** Opening INFORMATION SHOWN block **
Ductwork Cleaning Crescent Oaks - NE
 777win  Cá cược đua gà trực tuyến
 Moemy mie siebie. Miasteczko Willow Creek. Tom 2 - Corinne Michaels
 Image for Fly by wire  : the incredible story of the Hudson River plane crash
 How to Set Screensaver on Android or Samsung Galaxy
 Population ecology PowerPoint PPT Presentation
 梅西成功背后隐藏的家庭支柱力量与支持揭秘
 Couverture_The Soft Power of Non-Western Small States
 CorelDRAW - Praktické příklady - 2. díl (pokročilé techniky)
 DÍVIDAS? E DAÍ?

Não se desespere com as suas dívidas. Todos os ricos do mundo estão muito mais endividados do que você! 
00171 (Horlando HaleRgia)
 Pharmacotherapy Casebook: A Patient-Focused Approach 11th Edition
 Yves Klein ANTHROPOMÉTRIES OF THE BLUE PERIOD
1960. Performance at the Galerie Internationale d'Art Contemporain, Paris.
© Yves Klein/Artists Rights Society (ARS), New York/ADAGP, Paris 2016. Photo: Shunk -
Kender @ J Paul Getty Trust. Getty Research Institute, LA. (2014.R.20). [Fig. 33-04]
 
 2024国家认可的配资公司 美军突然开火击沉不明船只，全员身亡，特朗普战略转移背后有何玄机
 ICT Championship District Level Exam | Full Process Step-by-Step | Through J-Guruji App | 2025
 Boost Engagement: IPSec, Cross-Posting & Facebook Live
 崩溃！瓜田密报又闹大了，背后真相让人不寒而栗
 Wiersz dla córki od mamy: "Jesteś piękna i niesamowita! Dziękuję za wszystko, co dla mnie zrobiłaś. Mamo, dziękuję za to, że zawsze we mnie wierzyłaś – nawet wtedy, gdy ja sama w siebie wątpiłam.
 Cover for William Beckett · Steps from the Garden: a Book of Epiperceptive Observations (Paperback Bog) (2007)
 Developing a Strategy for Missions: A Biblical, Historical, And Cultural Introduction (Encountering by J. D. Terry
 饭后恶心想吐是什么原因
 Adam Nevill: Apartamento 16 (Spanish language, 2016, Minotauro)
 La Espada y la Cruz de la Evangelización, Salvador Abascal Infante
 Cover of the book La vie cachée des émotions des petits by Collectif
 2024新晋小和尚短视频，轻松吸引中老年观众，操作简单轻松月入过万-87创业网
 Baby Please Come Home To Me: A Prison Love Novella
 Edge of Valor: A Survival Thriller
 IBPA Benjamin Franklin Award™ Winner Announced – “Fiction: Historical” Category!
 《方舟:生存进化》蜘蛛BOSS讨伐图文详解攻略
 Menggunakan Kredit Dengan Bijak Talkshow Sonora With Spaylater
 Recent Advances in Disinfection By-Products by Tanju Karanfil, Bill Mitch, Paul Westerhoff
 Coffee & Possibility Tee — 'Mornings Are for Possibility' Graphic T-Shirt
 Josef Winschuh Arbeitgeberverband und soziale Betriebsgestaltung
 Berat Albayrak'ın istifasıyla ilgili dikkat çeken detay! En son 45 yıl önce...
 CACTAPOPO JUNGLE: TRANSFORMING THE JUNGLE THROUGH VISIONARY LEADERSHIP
** Closing INFORMATION SHOWN block **
### TASK DIRECTIONS
Go through the entries above and copy every line containing "Yves".

### ANSWER TO THE PROBLEM
 Yves Klein ANTHROPOMÉTRIES OF THE BLUE PERIOD
© Yves Klein/Artists Rights Society (ARS), New York/ADAGP, Paris 2016. Photo: Shunk -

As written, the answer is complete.